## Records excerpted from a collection
+++++

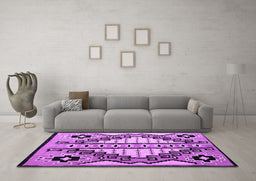 Machine Washable Abstract Purple Modern Area Rugs in a Living Room, wshabs4997pur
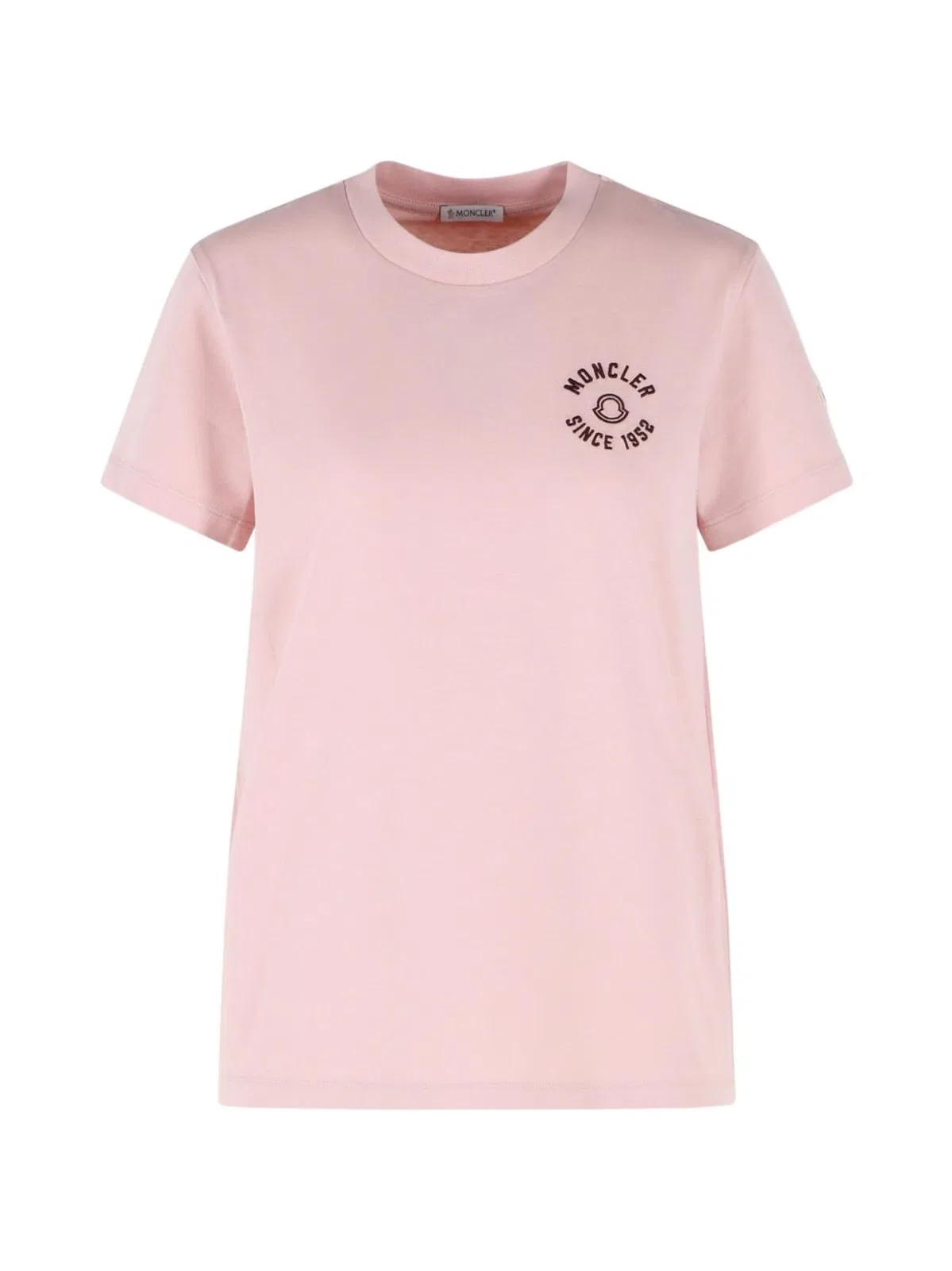 Moncler T-shirt With Embroidery In Pink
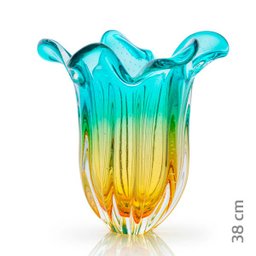 Vaso Em Cristal Murano Esmeralda E Âmbar São Marcos - 2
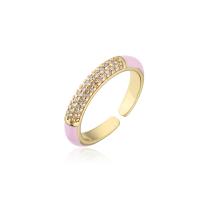 Cubic Zircon Brass Finger Ring, 18K gold plated, Adjustable & micro pave cubic zirconia & for woman & enamel, more colors for choice, 18mm, Sold By PC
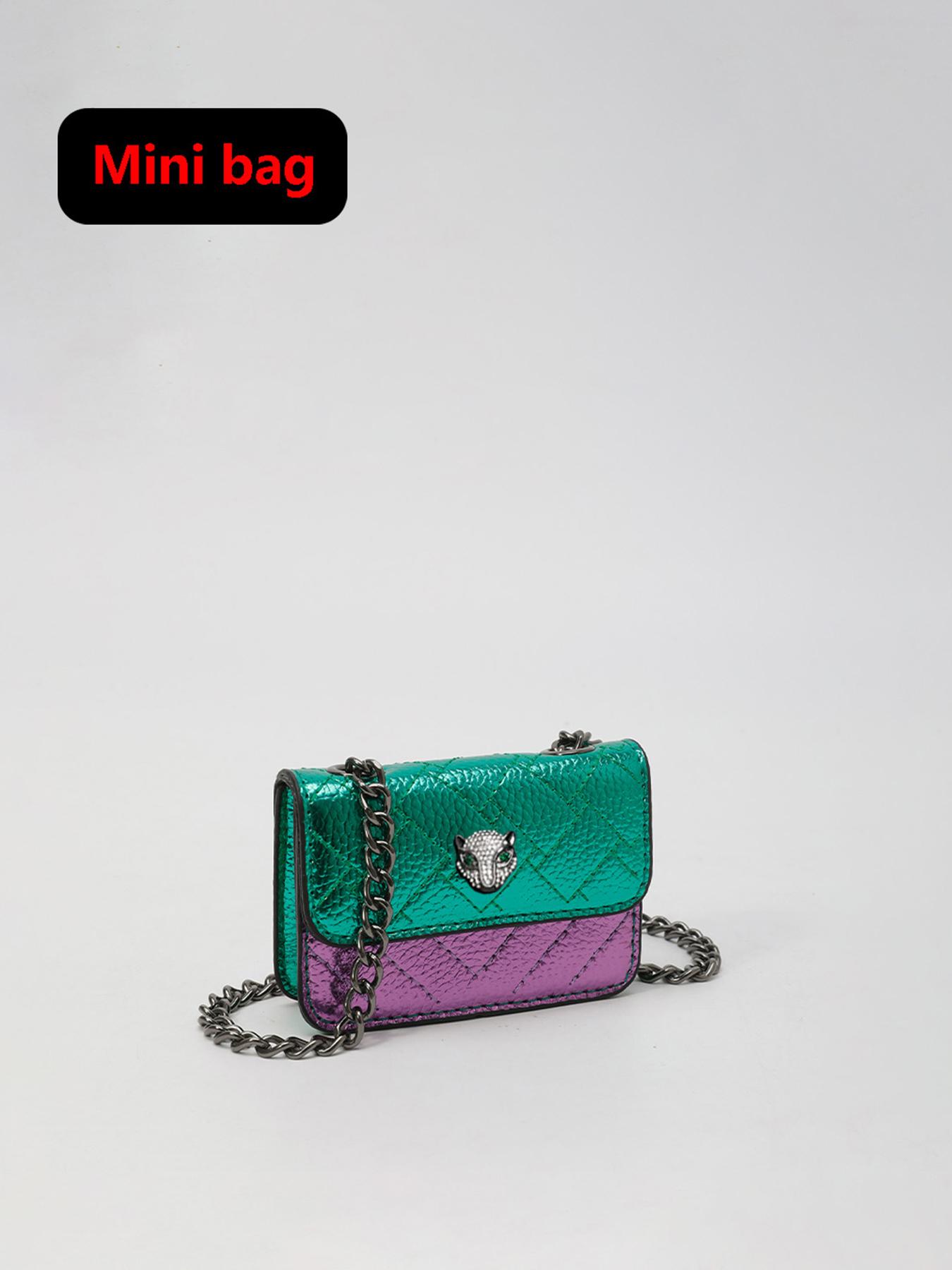 Ladies' shoulder crossbody bag, color blocked shoulder bag, hardware chain, diamond grid flip cover, fashionable, versatile, exquisite and trendy, suitable for daily travel, work, commuting, shopping, dating, ladies' crossbody bag, Flap Crossbody Purse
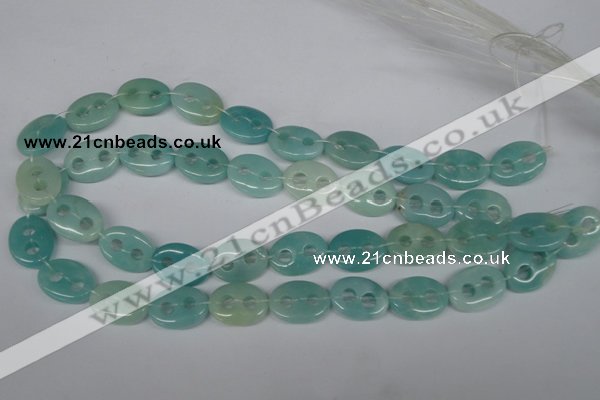 CFG294 15.5 inches 15*20mm carved oval amazonite gemstone beads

+++++

## DESCRIPTION OF THE TASK
Make an exact copy of the records shown above, without the pictures.

## RESULT
 Machine Washable Abstract Purple Modern Area Rugs in a Living Room, wshabs4997pur
 Moncler T-shirt With Embroidery In Pink
 Vaso Em Cristal Murano Esmeralda E Âmbar São Marcos - 2
 Cubic Zircon Brass Finger Ring, 18K gold plated, Adjustable & micro pave cubic zirconia & for woman & enamel, more colors for choice, 18mm, Sold By PC
 Ladies' shoulder crossbody bag, color blocked shoulder bag, hardware chain, diamond grid flip cover, fashionable, versatile, exquisite and trendy, suitable for daily travel, work, commuting, shopping, dating, ladies' crossbody bag, Flap Crossbody Purse
 CFG294 15.5 inches 15*20mm carved oval amazonite gemstone beads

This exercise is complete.